Thursday, May 31, 2007
Ashes, the rain and I
Ashes, the rain and I.
Not as quick as I’d like to be, not so vigorous, knowing and understanding that my motor is running down but not accepting it. Oily fish and garlic might do the trick, beans pulses and rhetoric, saunas and brisk walks.
Having the appetite but not the stomach, having the desire but not the muscle. Rain blows in your face and the sun plays aging games and autographs your skin with the fine lines of experience.
Healing takes more time, scabs live a little longer on the dead skin, hacks and rubbed areas and abrasions, moles and spots to irritate and make a messy road map across your back.
Thin hair that doesn’t quick know how to behave despite its certificated age and is of no particular colour you’d recognise. White pepper and exposed patches from annoying patterns.
Having seen it all before you should know the script by now but are none the wiser. Ink stains masquerading as writings and signatures, dates and times and places where weeds grow well.
Peering into newspapers and books, all print is small print and the other drivers are all going too fast and taking risks I’d never take. You say.

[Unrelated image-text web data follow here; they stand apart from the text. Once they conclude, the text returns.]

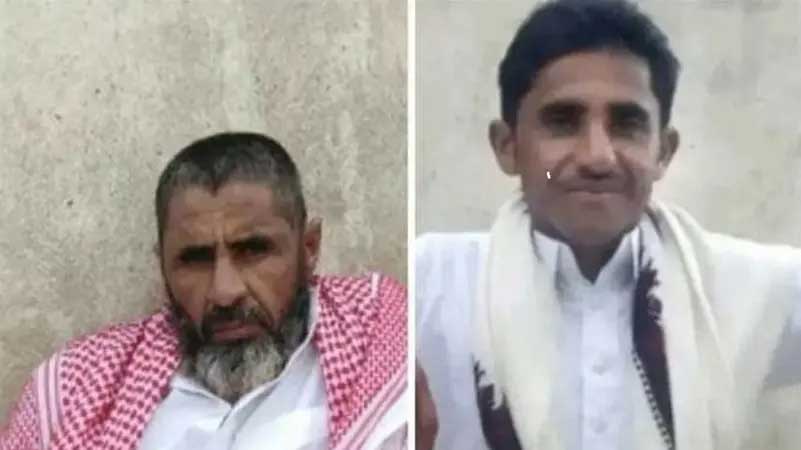 أفرغ رصاص سلاحه في صدر والده ثم نكّل بجثته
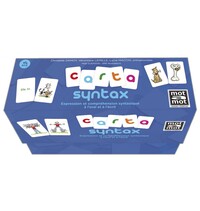 Picture of Cartasyntax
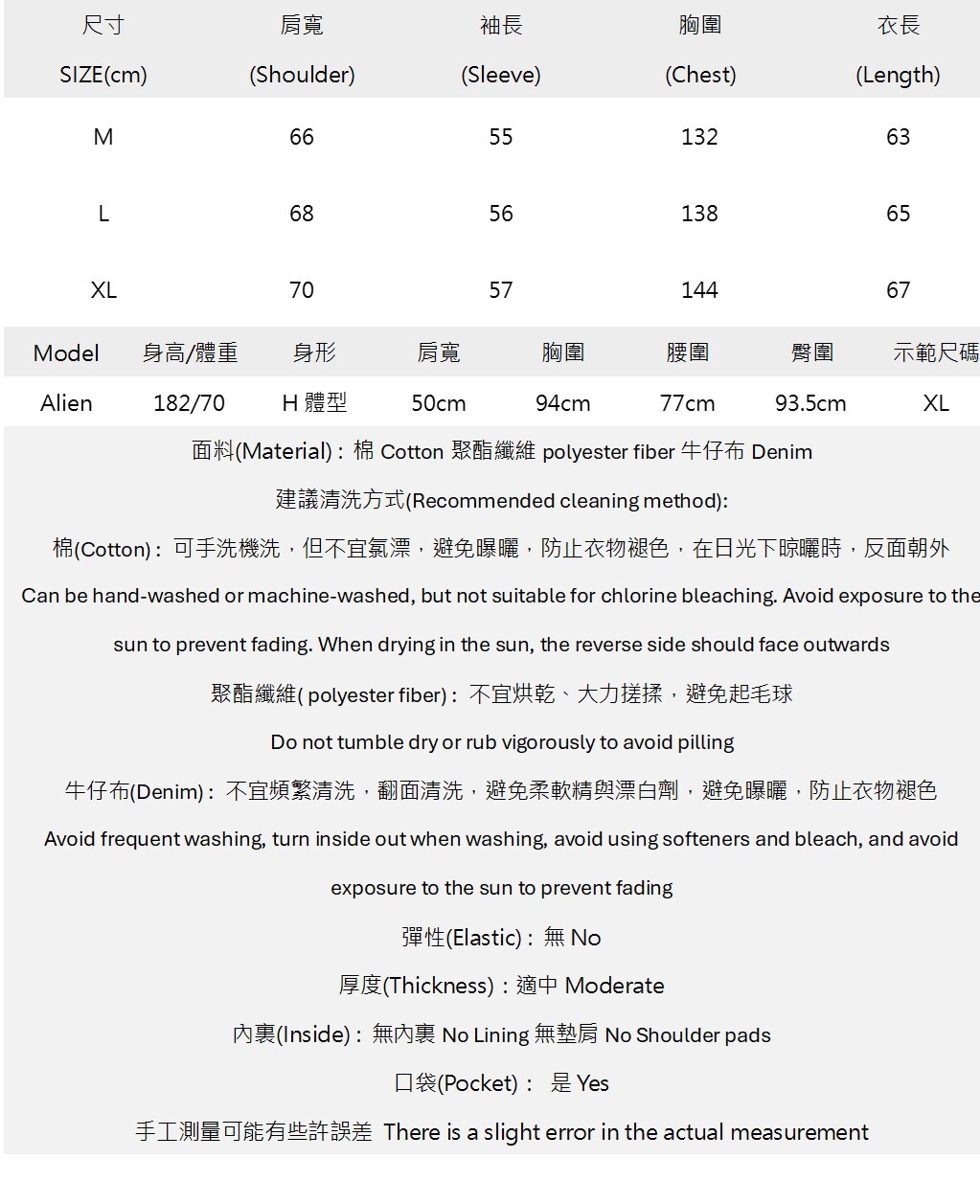 街頭感毛邊重工水洗牛仔外套.jpg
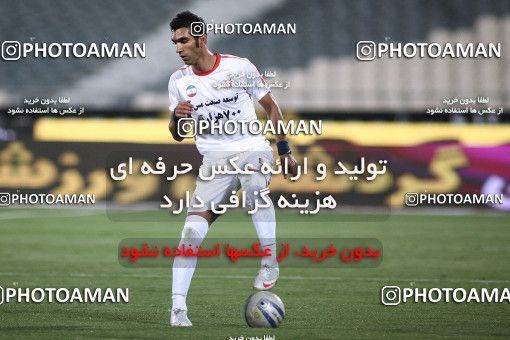 1191460, Tehran, [*parameter:4*], لیگ برتر فوتبال ایران، Persian Gulf Cup، Week 32، Second Leg، Persepolis 0 v 0 Mes Kerman on 2011/04/28 at Azadi Stadium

Fiddling with things and packets that will neither open nor work. Designed and bar coded only to be sold, no real or actual use is ever intended. You’d have to be able to understand the instructions to do that.
Silly joyful giggles and looking back but finding things were not that funny and nobody really got the joke. What were we all laughing at in those black and white and mono days? The heads are down.
A thunderstorm breaks some where overhead and close by. I lay down, my face turned to the grey clouds and the white, bright rain. Water pounds my face and closed eyes, closed eyes remembering inside, the hurts are all healed now and the plots concluded and resolved. There was no conspiracy; there was no plan or twist. This is it, alone in the rain. The ashes. The way it should all be.